Stored data:
:::
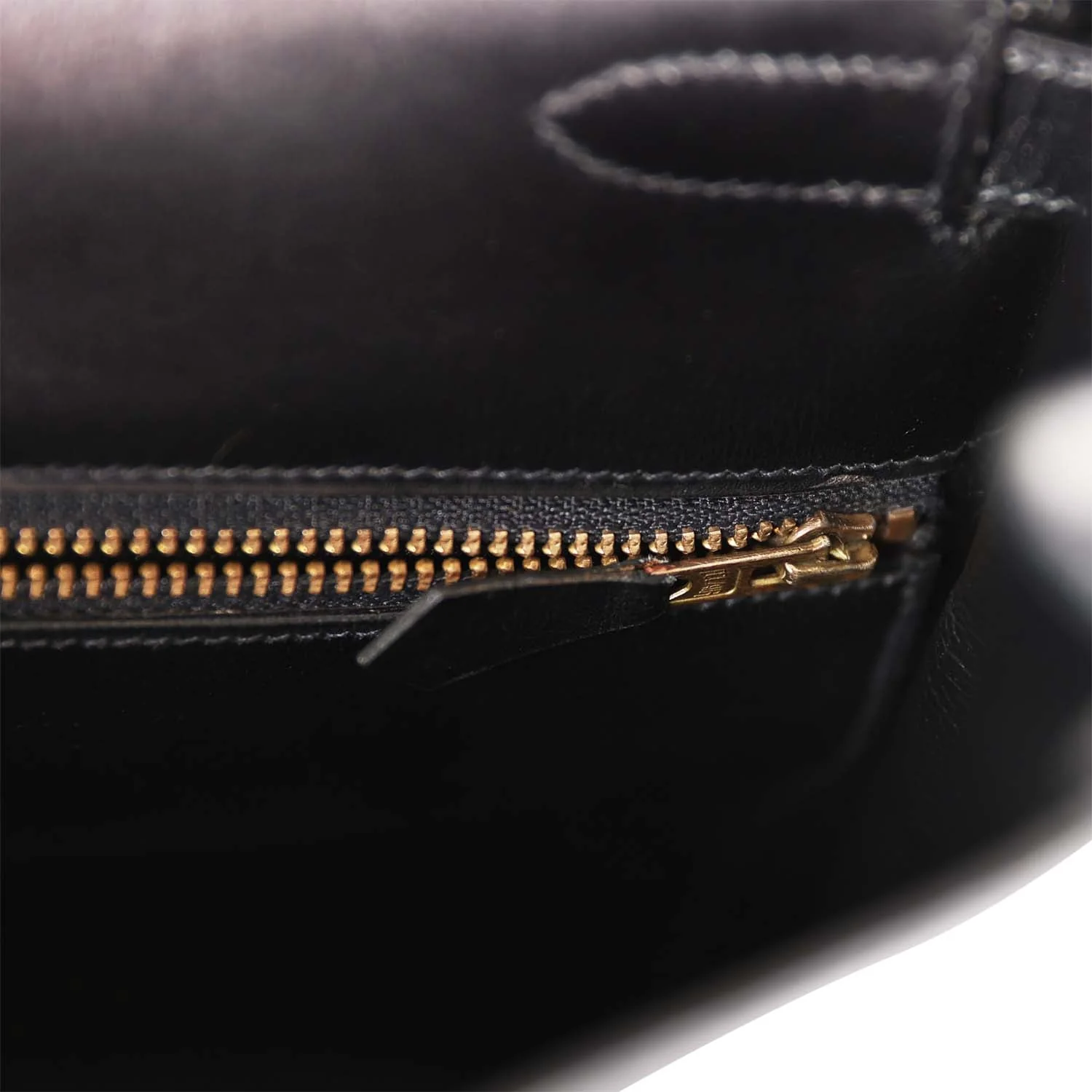 Kelly 35 Retourne Black Box Gold Hardware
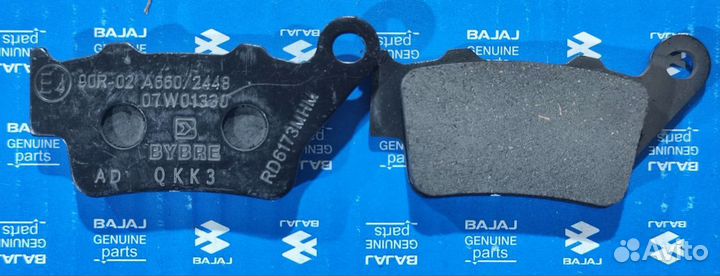Комплект тормозных колодок для Bajaj Dominar 400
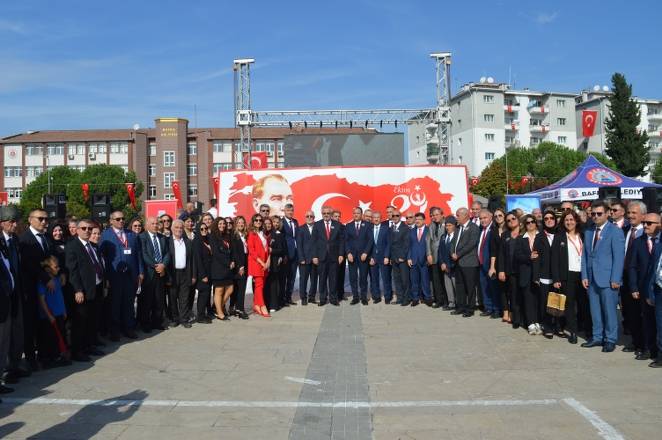 Bir başkadır Bafra'da Cumhuriyet 195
:::
What you have to do: Every line of the listing above is to be set down verbatim, without the pictures.

Problem solution:
 Kelly 35 Retourne Black Box Gold Hardware
Комплект тормозных колодок для Bajaj Dominar 400
 Bir başkadır Bafra'da Cumhuriyet 195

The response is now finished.